06/20/2003 12:00 am EST


Elliott Gue

Editor and Publisher, Energy and Income Advisor and Capitalist Times

"Don’t forget that summer is a notoriously bad time to expect a major market rally to continue," notes Elliott Gue, editor of Wall Street Winners. "The months of June, July, August, and September are the worst for the major averages. In particular, August and September are notoriously bad. We haven’t seen investors this bullish since spring 2002. There’s no wall of worry for this market to climb." Despite his cautiousness, Gue does hold quality long-term positions in his portfolio. The three profiled here are all in the snack food and candy sectors.

"Nestle (NSRGY  NASDAQ) is the biggest food company on earth, with an unprecedented global reach, charismatic leadership, and steady growth. We view Nestlé as a portfolio anchor especially during times that we feel you need to be defensive. The company is one of the few that accepts a slight miss on sales growth targets as long as margins continue to expand.
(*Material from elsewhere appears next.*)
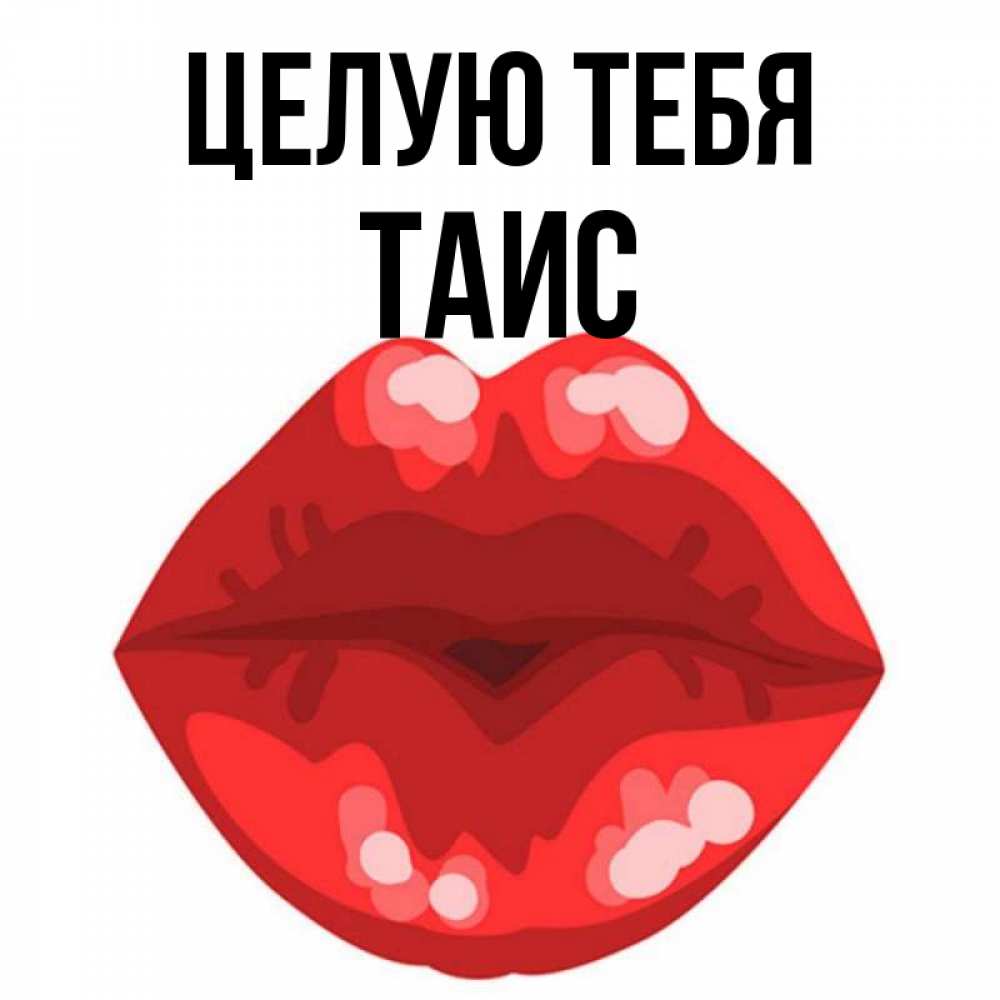 Открытка на каждый день с именем, Таис Целую тебя отправить открытку с поцелуем бесплатно и скачать для парня Прикольная открытка с пожеланием онлайн скачать бесплатно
In today’s economic environment, real profits and pricing power are the main engines of genuine growth. Recently, management outlined its new organic (margins and volumes) sales target of 5%-6%. Our analysis indicates that the target is achievable, given Nestlé’s solid restructuring and integration efforts, which are expected to save $4.5 billion in the next two years. The company is clearly focused on the long run, and should be trading at a premium to its competition before long.

"Wrigley’s (WWY NYSE) controls 21% of the global chewing gum market. Its major markets are the US, Europe, and Asia. The company has all the characteristics of a long-term winner—solid balance sheet (no debt and accelerating free cash flows), earnings visibility, and reliable growth. Admittedly, Wrigley’s is expensive but this is something that we try to isolate through our asset allocation method. The company has been benefiting from higher volumes, price increases, and cost controls. One more positive has been the decline of the dollar since 43% of sales come from Europe. Looking forward, management has a well thought out growth strategy. It’s been rolling out successful products, in the US market, while it’s also gaining market share in Western Europe. And it’s increasing its presence in Russia (5% of sales) and Asia (12% of sales). Although the last two regions represent a small portion of the company’s earnings, they’re the main growth contributors.

"Yum Brands (YUM NYSE) is a restructuring story but it also fits well with our positive stance toward inexpensive dining. Management has been turning operations around and we expect to see more good things. The company is attractive because of its low valuations and solid (although volatile) same-store sales. Furthermore, management’s long-term strategy of at least 10a% earnings per share growth should be achievable through international growth and better use of the company’s multi-branding status. YUM trades at a discount to its peers, something that will change once the company’s growth potential materializes."